Bem, foi durante esses anos que Nava, Navinha, conheceu a menina do pavão, que morava no palácio do pavão. Em Balão Cativo lemos:
Mas voltemos às casas da Rua Haddock Lobo e olhemos aquela maravilha que eu chamava "o palácio do pavão". Era o número 195 e mantém-se exatamente o mesmo. Chama-se hoje a "casa da Vila e Terras de Santa Maria"; é branca como era e na sua janela de baixo a serralheria das grades representava um imenso pavão fazendo roda, cauda toda de ferro e corpo e cabeça e bico e crista de metal amarelo e polido. O pavão lá continua, na casa idêntica que era um arrojo de arquitetura naqueles princípios de século. O pavão lá continua mas, onde? onde estará? a menina da casa do pavão...
Se este que é o segundo volume de suas memórias saiu em 1973, não será mal supor que Nava tenha voltado ao palacete por volta de 1972, para reencontrá-lo intacto quase sessenta anos depois.
A ele retorno passados outros quarenta. Ele ainda está ali, pintado de azul-bebê (ia falando "azul orkut"). Foi tombado. Claro que o fato de ter se tornado "casa portuguesa" ajuda um bocado a sua preservação. Lamentável é que o muro erguido nos tenha roubado a vista do pavão. Se Nava já morria de amores por trabalhos de serralheria, como não se derreteria por este pavão, obra-prima art noveau?
O pavão lá continua, inda que escondido. Enterrará a todos nós, que o ferro, a salvo das picaretas, sói durar mais que este monte de carne, ossos e fezes de que somos feitos.
O pavão lá continua. Mas onde a menina do pavão?
O Pavão lá continua mas, onde? onde estará? a menina da casa do pavão... Estou a vê-la, a seus cabelos duros como juba, enroscados como molas e a seus olhos cintilantes. Vejo como se estivessem em minha frente, suas maçãs salientes, seu vestido branco, seu corpo de menina-e-moça e as fantásticas pernas que ela sempre calçava de meias pretas.
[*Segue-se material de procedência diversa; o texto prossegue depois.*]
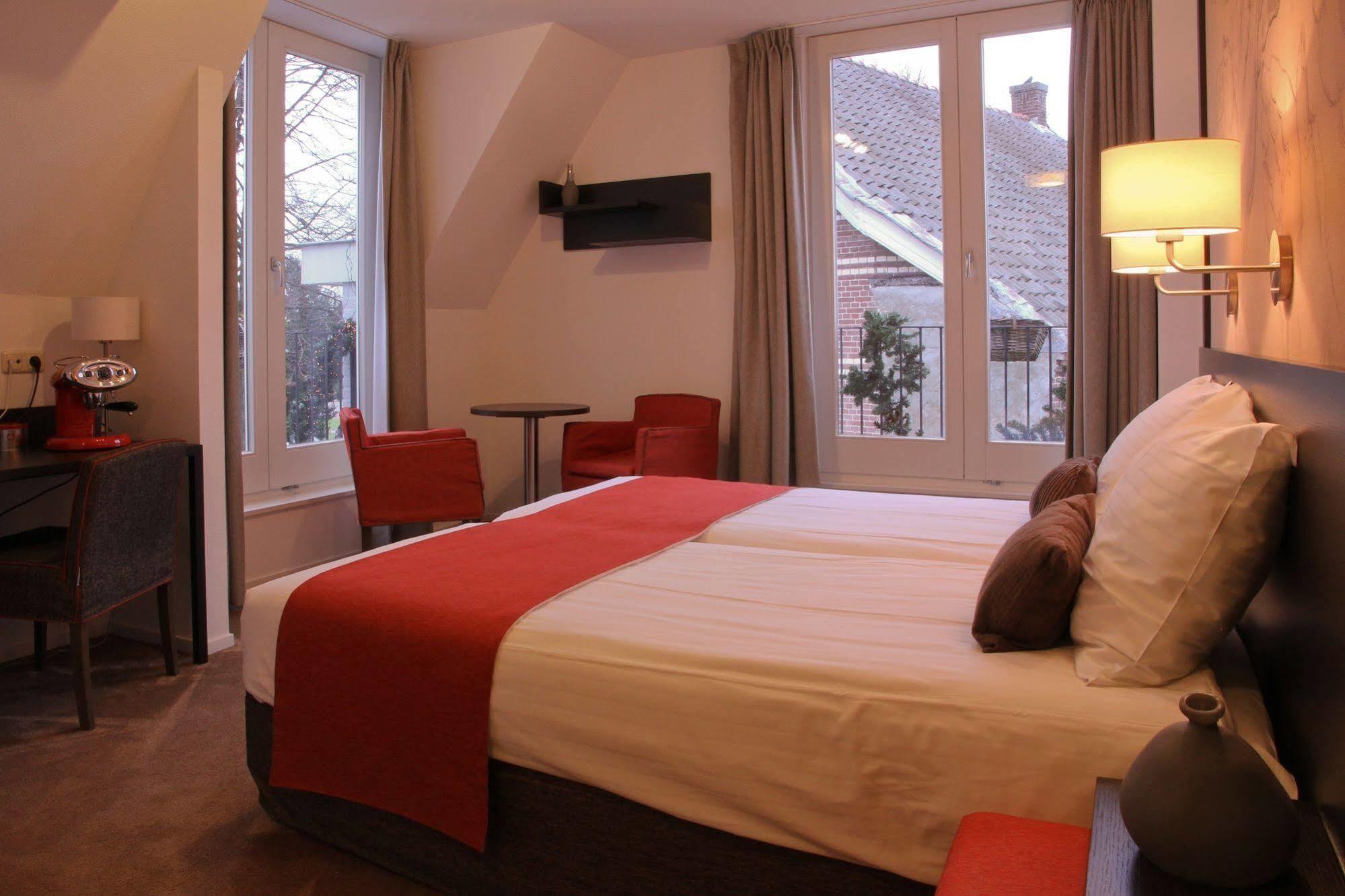Parkhotel Auberge Vincent Nuenen Exteriör bild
Eram duas mas multiplicavam-se como raios de roda veloz quando -- deusa centopéica e miriapódica -- ela pulava corda. A idade? Teria seus doze, treze anos. Era esquiva e orgulhosa. Não adiantava parar diante da grade de prata, nem pasmar para suas evoluções no jardim de que ela era uma estátua só que animada e nem-te-ligo.
5 comments:
Sempre que por ali passo (e o faço pelo menos duas vezes por semana) e não estou em Marte ou em Xanadu, suspiro por aquela ilha de beleza encrustada no Rio Comprido (passou da Rua do Bispo, Long river é!
Isso mesmo, passou da Bispo, Long River é!!!!! Adorei Evandro. Fico tão feliz quando leio coisas lindas como esta. Quanto mais melhor. De grão em grão, sonho que as atuais gerações descubram o valor histórico e sentimental destes imóveis tão abandonados. ´Não é o caso desta casa que está sendo preservada pela colonia portuguesa. Parabéns!!! e obrigada
Uau!
=)
Evandro, eu também me encantava com a descrição lendo o Nava e sempre verificava se o pavão continuava lá. Ainda bem que sim, embora com pouca evidência.